*** Supplied data ***

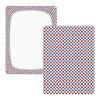 Red and Blue Dots 4th of July Independence Day Crib Sheets for Baby Boys Girls Cotton Baby Playard Sheet Soft Breathable Muslin Crib Bedding, M view 2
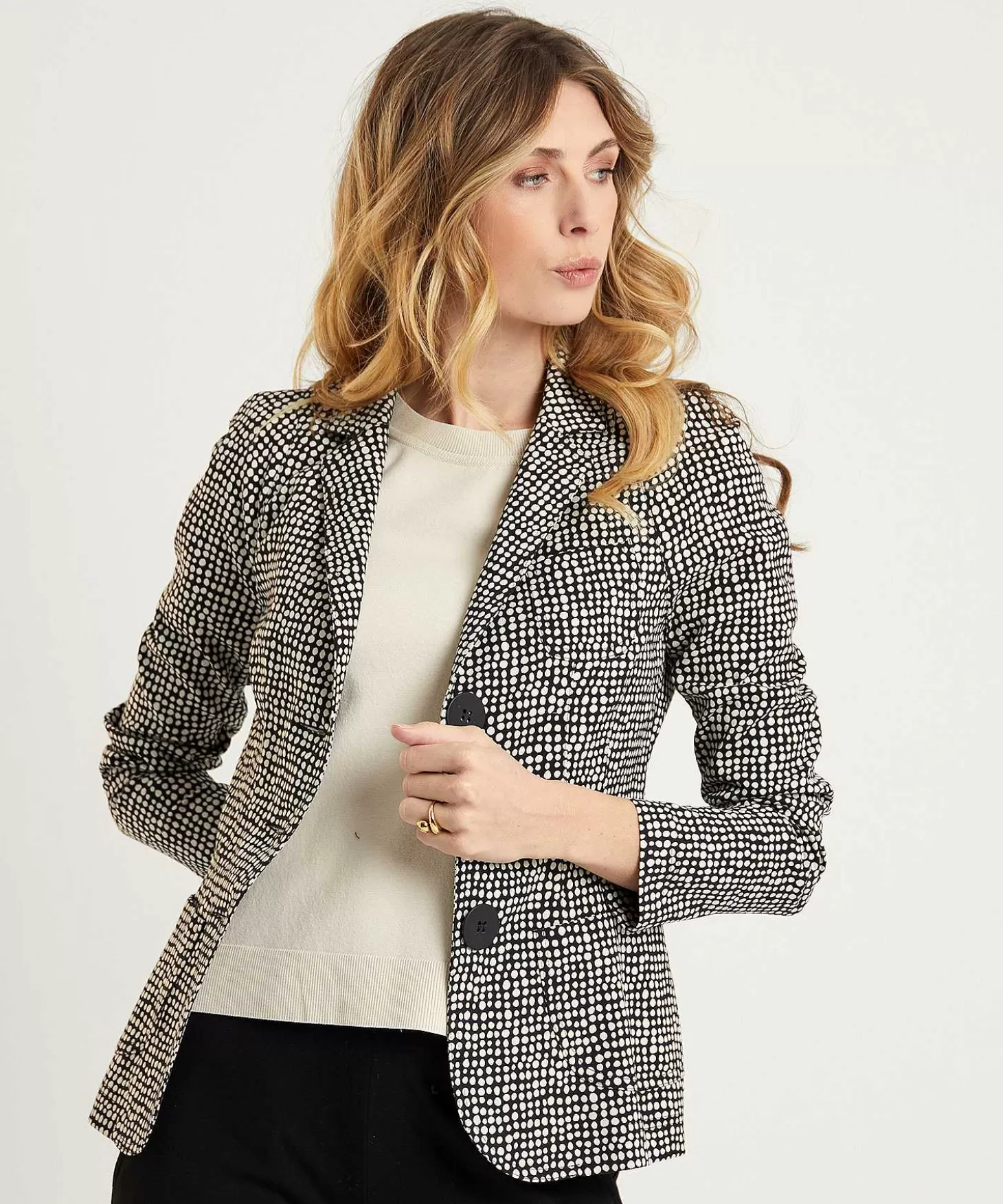 ml_collections_blazer_small_dot_1.webp ML Collections Blazer Small Dot Outlet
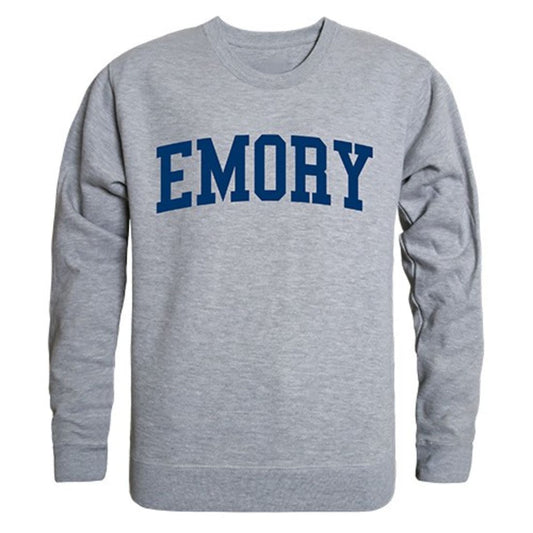 Emory University Game Day Crewneck Pullover Sweatshirt Sweater Heather Grey-Campus-Wardrobe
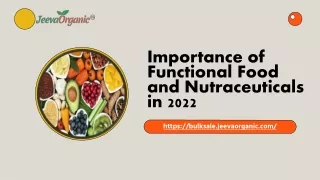importance of functional food and nutraceuticals
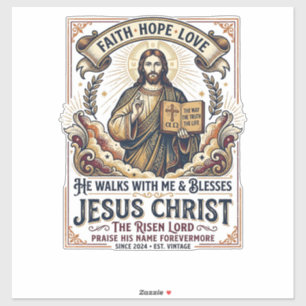 Adesivo Camiseta Jesus Surfando Fé Inspiradora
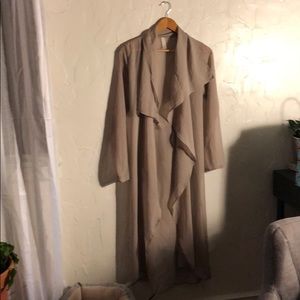 Beige chiffon duster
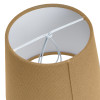 Pelham 15cm Taupe Handloom Tapered Lemon Clip Lampshade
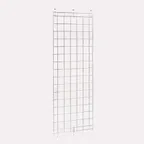 image of Tarrison TS-EP1474C 14" x 74" Chrome Wire Grid Enclosure Panel for Restaurant Shelving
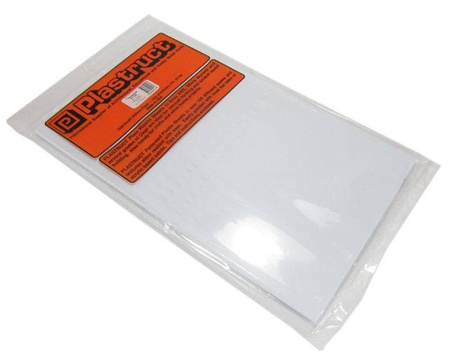 Plastruct 91102 Płyta 178 x 300 x 0.5mm  7 szt.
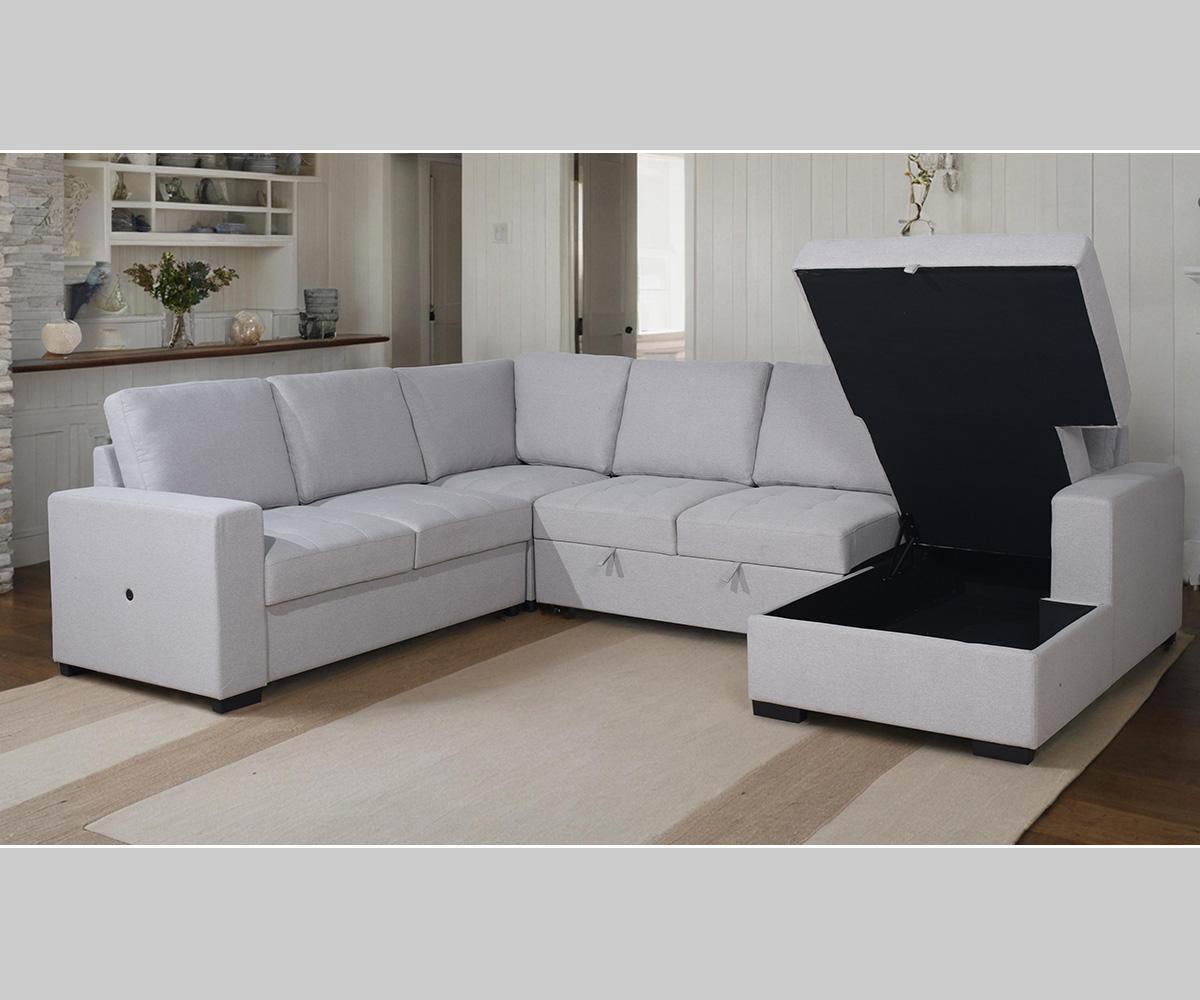 Xander Pull Out Sectional Sofa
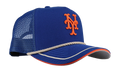 9FIFTY New York Mets A Frame Trucker Snapback Hat "Rope - Royal Blue" 44587537432764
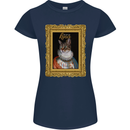 The One True Cat King Funny Womens Petite Cut T-Shirt Navy Blue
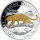 Somalia Leopard 2026 1 oz Silber - Teilvergoldet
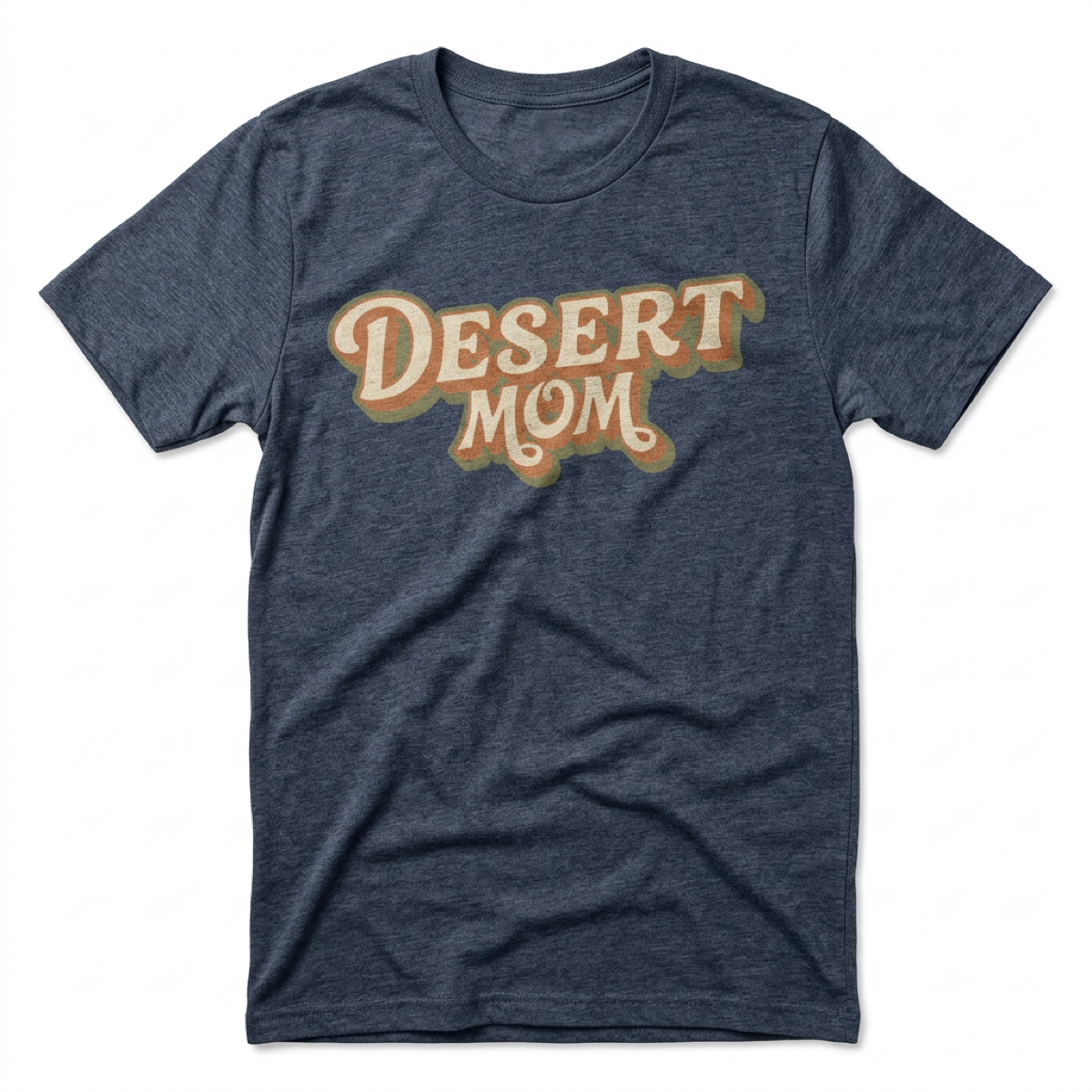 Desert Mom Las Vegas t-shirt in legion blue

*** End of Supplied data ***

Work item: Look at the listing and set down only the lines from its start through the line with "Somalia Leopard 2026", word for word and without pictures.

Written reply:
 Red and Blue Dots 4th of July Independence Day Crib Sheets for Baby Boys Girls Cotton Baby Playard Sheet Soft Breathable Muslin Crib Bedding, M view 2
 ml_collections_blazer_small_dot_1.webp ML Collections Blazer Small Dot Outlet
 Emory University Game Day Crewneck Pullover Sweatshirt Sweater Heather Grey-Campus-Wardrobe
importance of functional food and nutraceuticals
 Adesivo Camiseta Jesus Surfando Fé Inspiradora
 Beige chiffon duster
 Pelham 15cm Taupe Handloom Tapered Lemon Clip Lampshade
 image of Tarrison TS-EP1474C 14" x 74" Chrome Wire Grid Enclosure Panel for Restaurant Shelving
 Plastruct 91102 Płyta 178 x 300 x 0.5mm  7 szt.
 Xander Pull Out Sectional Sofa
 9FIFTY New York Mets A Frame Trucker Snapback Hat "Rope - Royal Blue" 44587537432764
 The One True Cat King Funny Womens Petite Cut T-Shirt Navy Blue
 Somalia Leopard 2026 1 oz Silber - Teilvergoldet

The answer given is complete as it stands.